1.) My comments on IE6, while not related to the core of this exploit as far as SMF is concerned, aren't entirely irrelevant.  IE6 is vulnerable to a similar type of attack due to how it parses the header information in images.  That means we must also tend to these script injection problems (after all, no software developer wants their software being a vehicle for computer hijacking either).  So no, i'm not picking on IE because it's the popular thing to do, but because, yes, infected images are now (moreso than ever) an enemy to IE6.

2.) We will note your concerns.  Please do not think that because I am rebutting them (with my own opinion and what we've currently established as policy, mind you) that I am simply ignoring them.  I am not, and neither are the rest of us.  In fact, I agree with you, but not, perhaps, on the level you feel I should. 

Truth is, this is still a relatively small scale attack by only one confirmed individual (again, that doesn't mean that the threat is not there or is unimportant).  If that weren't the case, and this were an epidemic level attack, or if we couldn't get the patch out before it came so -- that'd change things a lot, actually.  I could then see getting a notification out ASAP.  And we have actually done notifications in the past, though not through the admin CP), though it has been awhile since we've had a situation arise where an exploit was either of huge scale, or where we couldn't get it patched in a decent timeframe.

[babjusi]

Justin is right. If the issue were to be known to everyone, then the damage would have been much more worse. I think that the Smf team has handled this as best as they could under the circumstances. And don''t forget that it couldn''t come at a much worse time when they are very busy working on Smf 2.0. So please a little bit patience and understanding.

[Sverre]

As I said in my previous post in this topic, the forum I manage has been safe from this exploit all along, so I can afford to wait for the patch. Others are not so fortunate though, and in the future, I could very well find myself in their position. That's why I hate the fact that the information which could potentially "save" my forum, or save me the hassle of restoring it to be more precise, is kept "hidden" in a board which isn't natural for me to visit unless I actually need support. A warning in the Administration Center would probably be my preferred solution in a situation like this, but simply relocating the information to the News and Updates board, where it has a much better chance of being noticed by administrators who need it to protect their forum, would go a long way in boosting my confidence in the project.

[Crasy]

I believe that wtmpp is onto something. He's saying it in a kinda...funky way...that leaves far too much blame on staff around here. I don't like that since I do appreciate a lot of the work that goes into this.

But.
Heh.

My SMF forum is only a small, small forum for a group of friends. I spend maybe 5-10 minutes a day on the forum. Probably far less. JBlaze, are you telling me I should be checking this forums so often for my simple, small hobby forum?
I would be pretty fried if I got hacked, since I don't have time to fix the hack. I would probably just do a clean install and worry about fixing up mods I had later. I just disabled attachments and avatars.

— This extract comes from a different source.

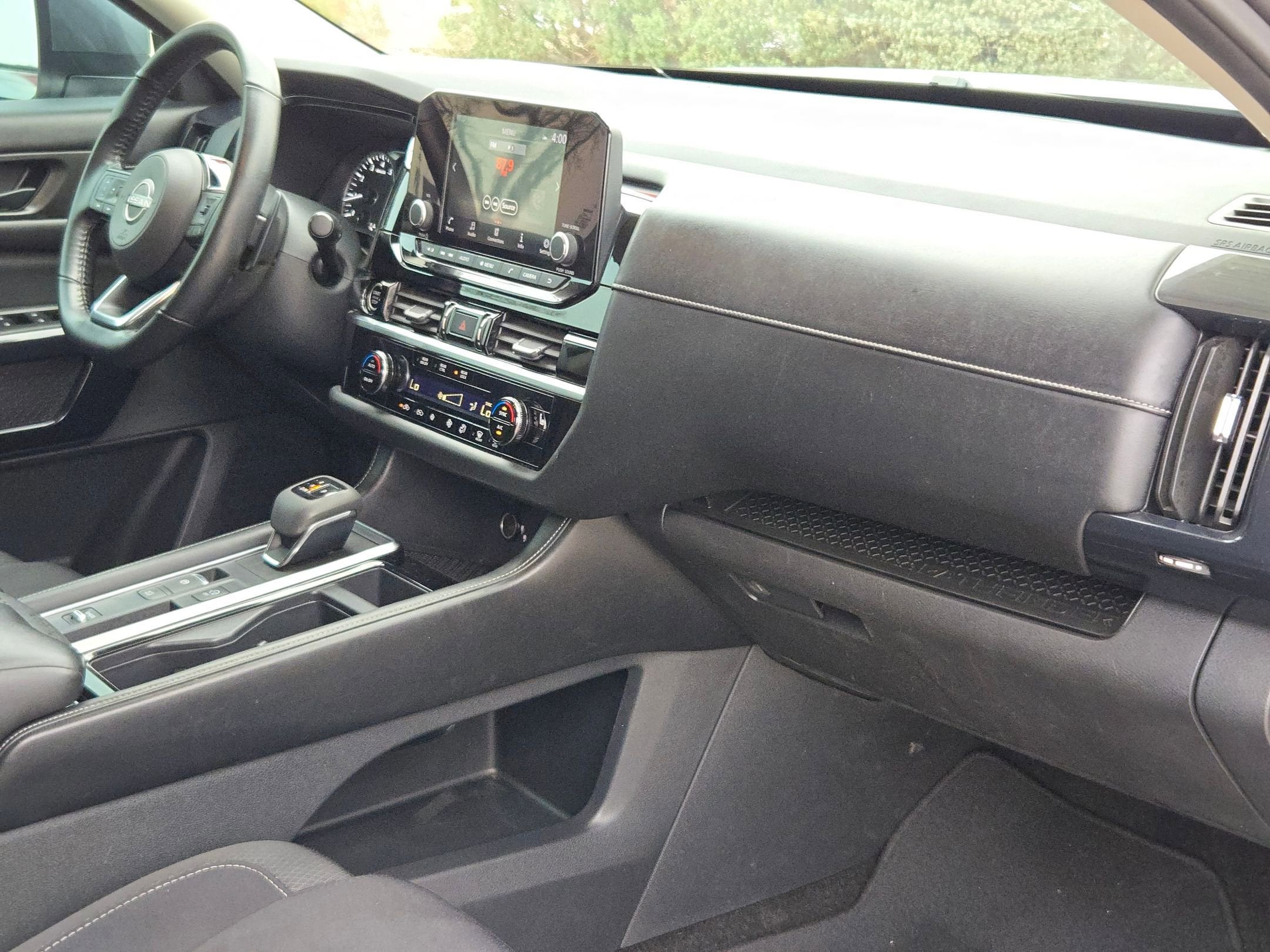 2023 Nissan Pathfinder SV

Or should I be seeking a different software, one that is much smaller and less likely to be targeted by hackers? Kinda like picking a Mac because it has fewer viruses "out there".

I want to be corrected here. I'm mostly asking and saying these statements for clarification, not the purpose of pointing fingers.
I am only slightly reassured by Justin's statement that he is taking note of our concerns.

[JBlaze]

Believe me, the 2.0 Project has been pretty much put to a stop until this patch is out. It doesn't matter what software you use, as any site has the same chance of being targeted by hackers or spammers. The internet is a crazy place.

[busterone]

I previously said that I had said all I could on this subject, but sorry, I have one more thing. JBlaze hit on a very strong point. -
The majority of all of us here are forum admins. It is OUR responsibility as an admin/site owner to keep up to date on all issues that can and will cause our sites trouble. We all get busy with our own sites, I know that I do. I still come here at least once a day and scan through the unread post since last visit for anything that looks like it could be a problem. I know that sometimes, a topic title can be misleading or simply non descriptive, such as HEEEELP!    but anytime anything even smells of security or hack, I check it out. Most of the time, it doesn't concern me and I then move on, but often it does.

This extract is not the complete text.